• _Work task_
Please reproduce the lines of the records below from the one holding "Travel vacation concept" through the one holding "多怪根造型榕树盆景，小叶榕盆景", inclusive, skipping all pictures.

• _Given data_
= Beginning of Section =
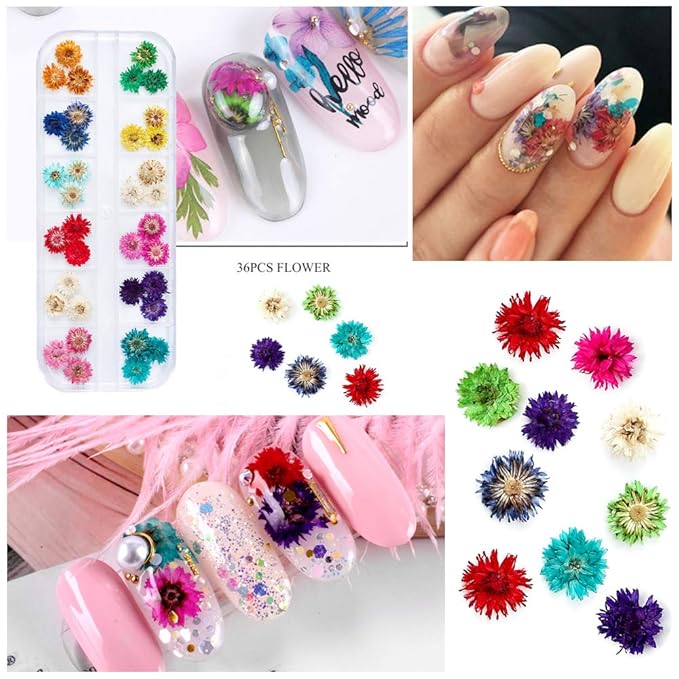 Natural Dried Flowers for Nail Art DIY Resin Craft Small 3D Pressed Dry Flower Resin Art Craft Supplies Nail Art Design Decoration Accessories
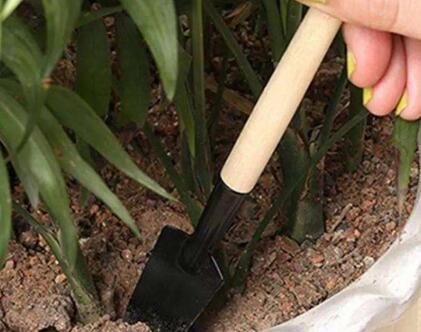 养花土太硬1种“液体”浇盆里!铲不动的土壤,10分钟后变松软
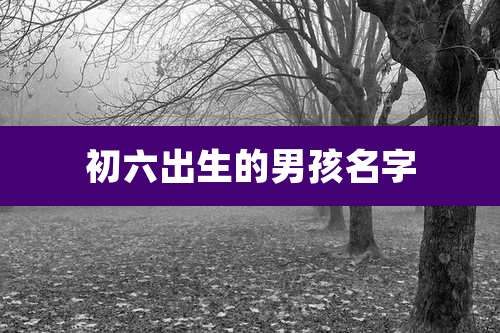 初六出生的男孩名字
= End of Section =
= Beginning of Section =
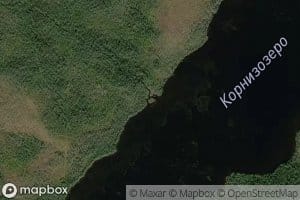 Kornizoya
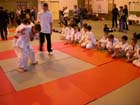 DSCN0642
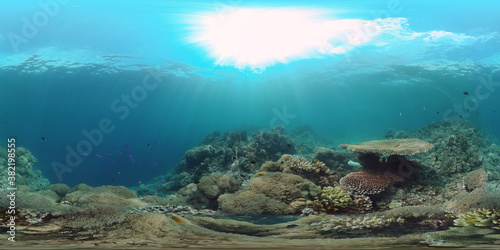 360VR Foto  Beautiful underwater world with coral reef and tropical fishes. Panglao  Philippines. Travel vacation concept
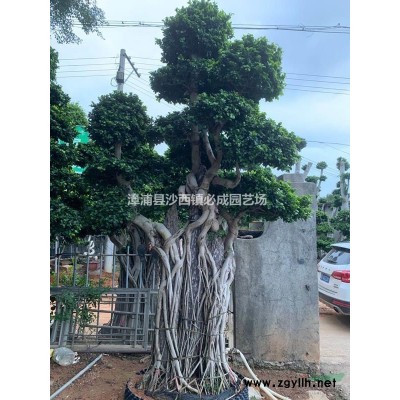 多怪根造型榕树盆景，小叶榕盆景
= End of Section =
= Beginning of Section =
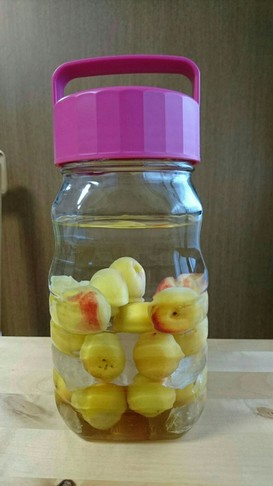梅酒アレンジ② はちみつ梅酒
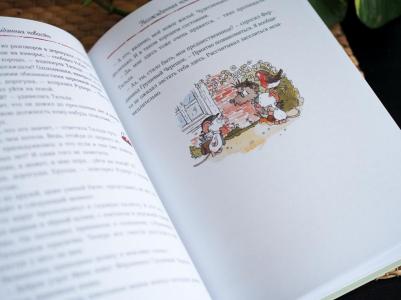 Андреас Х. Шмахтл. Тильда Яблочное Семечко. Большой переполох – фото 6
= End of Section =
• _Result of the exercise_
 360VR Foto  Beautiful underwater world with coral reef and tropical fishes. Panglao  Philippines. Travel vacation concept
 多怪根造型榕树盆景，小叶榕盆景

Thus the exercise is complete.